Exercise description:
The response must consist of the lines below from the one with "Milli Vanilli (Popduo)" through the one with "11 Spectacular Narrow", exactly as they appear and with both ends kept.

##### Data listing #####

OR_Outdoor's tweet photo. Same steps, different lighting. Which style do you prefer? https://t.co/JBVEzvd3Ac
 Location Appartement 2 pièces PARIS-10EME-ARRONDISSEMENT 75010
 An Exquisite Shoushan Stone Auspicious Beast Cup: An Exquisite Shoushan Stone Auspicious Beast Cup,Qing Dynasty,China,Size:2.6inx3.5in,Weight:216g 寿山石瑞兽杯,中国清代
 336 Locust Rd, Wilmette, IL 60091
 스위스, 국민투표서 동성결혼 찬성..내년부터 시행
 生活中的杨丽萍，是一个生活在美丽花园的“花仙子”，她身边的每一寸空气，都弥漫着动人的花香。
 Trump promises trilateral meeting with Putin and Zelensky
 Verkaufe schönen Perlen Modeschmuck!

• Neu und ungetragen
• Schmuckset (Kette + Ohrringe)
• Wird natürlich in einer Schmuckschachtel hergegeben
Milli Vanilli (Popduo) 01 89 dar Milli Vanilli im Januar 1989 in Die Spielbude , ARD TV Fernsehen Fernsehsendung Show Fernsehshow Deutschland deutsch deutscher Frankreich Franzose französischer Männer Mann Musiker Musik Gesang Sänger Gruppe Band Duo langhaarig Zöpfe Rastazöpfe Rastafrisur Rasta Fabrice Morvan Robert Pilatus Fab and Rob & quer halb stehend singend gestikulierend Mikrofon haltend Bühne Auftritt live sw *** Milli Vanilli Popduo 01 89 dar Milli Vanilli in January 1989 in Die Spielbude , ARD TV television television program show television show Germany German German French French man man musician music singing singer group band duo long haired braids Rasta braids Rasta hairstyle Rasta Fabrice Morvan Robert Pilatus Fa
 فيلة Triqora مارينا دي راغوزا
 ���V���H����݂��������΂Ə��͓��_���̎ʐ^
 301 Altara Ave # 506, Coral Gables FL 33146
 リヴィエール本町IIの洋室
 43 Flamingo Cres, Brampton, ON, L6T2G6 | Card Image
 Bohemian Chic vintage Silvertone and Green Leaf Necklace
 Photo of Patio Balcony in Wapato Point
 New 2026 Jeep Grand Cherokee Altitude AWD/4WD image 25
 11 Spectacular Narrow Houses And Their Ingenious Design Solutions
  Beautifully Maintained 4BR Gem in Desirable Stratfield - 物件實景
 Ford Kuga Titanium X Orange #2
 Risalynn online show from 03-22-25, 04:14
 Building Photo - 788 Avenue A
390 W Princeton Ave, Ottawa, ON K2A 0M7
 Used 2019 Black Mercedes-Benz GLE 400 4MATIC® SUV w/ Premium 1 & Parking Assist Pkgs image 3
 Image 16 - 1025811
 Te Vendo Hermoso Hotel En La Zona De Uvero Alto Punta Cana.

#####

The answer:
Milli Vanilli (Popduo) 01 89 dar Milli Vanilli im Januar 1989 in Die Spielbude , ARD TV Fernsehen Fernsehsendung Show Fernsehshow Deutschland deutsch deutscher Frankreich Franzose französischer Männer Mann Musiker Musik Gesang Sänger Gruppe Band Duo langhaarig Zöpfe Rastazöpfe Rastafrisur Rasta Fabrice Morvan Robert Pilatus Fab and Rob & quer halb stehend singend gestikulierend Mikrofon haltend Bühne Auftritt live sw *** Milli Vanilli Popduo 01 89 dar Milli Vanilli in January 1989 in Die Spielbude , ARD TV television television program show television show Germany German German French French man man musician music singing singer group band duo long haired braids Rasta braids Rasta hairstyle Rasta Fabrice Morvan Robert Pilatus Fa
 فيلة Triqora مارينا دي راغوزا
 ���V���H����݂��������΂Ə��͓��_���̎ʐ^
 301 Altara Ave # 506, Coral Gables FL 33146
 リヴィエール本町IIの洋室
 43 Flamingo Cres, Brampton, ON, L6T2G6 | Card Image
 Bohemian Chic vintage Silvertone and Green Leaf Necklace
 Photo of Patio Balcony in Wapato Point
 New 2026 Jeep Grand Cherokee Altitude AWD/4WD image 25
 11 Spectacular Narrow Houses And Their Ingenious Design Solutions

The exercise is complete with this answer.